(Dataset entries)
────────────────────

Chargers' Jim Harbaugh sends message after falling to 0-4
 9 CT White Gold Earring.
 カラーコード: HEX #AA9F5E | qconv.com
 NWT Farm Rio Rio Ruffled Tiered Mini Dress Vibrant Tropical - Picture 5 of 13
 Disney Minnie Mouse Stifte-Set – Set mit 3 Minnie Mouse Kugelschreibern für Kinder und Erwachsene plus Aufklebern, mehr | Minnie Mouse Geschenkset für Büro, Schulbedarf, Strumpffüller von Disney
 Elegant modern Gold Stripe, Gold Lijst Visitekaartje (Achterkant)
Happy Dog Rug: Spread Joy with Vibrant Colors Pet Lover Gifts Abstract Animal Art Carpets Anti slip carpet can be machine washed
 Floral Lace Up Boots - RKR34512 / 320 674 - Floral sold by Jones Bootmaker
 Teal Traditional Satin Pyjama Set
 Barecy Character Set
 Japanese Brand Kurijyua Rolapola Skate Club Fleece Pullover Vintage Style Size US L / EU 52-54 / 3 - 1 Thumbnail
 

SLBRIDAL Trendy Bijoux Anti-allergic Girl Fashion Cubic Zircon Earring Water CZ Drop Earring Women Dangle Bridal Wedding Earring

────────────────────

» Instructions for the task:
Copy the records above exactly as they appear.

» Answer below:
Chargers' Jim Harbaugh sends message after falling to 0-4
 9 CT White Gold Earring.
 カラーコード: HEX #AA9F5E | qconv.com
 NWT Farm Rio Rio Ruffled Tiered Mini Dress Vibrant Tropical - Picture 5 of 13
 Disney Minnie Mouse Stifte-Set – Set mit 3 Minnie Mouse Kugelschreibern für Kinder und Erwachsene plus Aufklebern, mehr | Minnie Mouse Geschenkset für Büro, Schulbedarf, Strumpffüller von Disney
 Elegant modern Gold Stripe, Gold Lijst Visitekaartje (Achterkant)
Happy Dog Rug: Spread Joy with Vibrant Colors Pet Lover Gifts Abstract Animal Art Carpets Anti slip carpet can be machine washed
 Floral Lace Up Boots - RKR34512 / 320 674 - Floral sold by Jones Bootmaker
 Teal Traditional Satin Pyjama Set
 Barecy Character Set
 Japanese Brand Kurijyua Rolapola Skate Club Fleece Pullover Vintage Style Size US L / EU 52-54 / 3 - 1 Thumbnail
 

SLBRIDAL Trendy Bijoux Anti-allergic Girl Fashion Cubic Zircon Earring Water CZ Drop Earring Women Dangle Bridal Wedding Earring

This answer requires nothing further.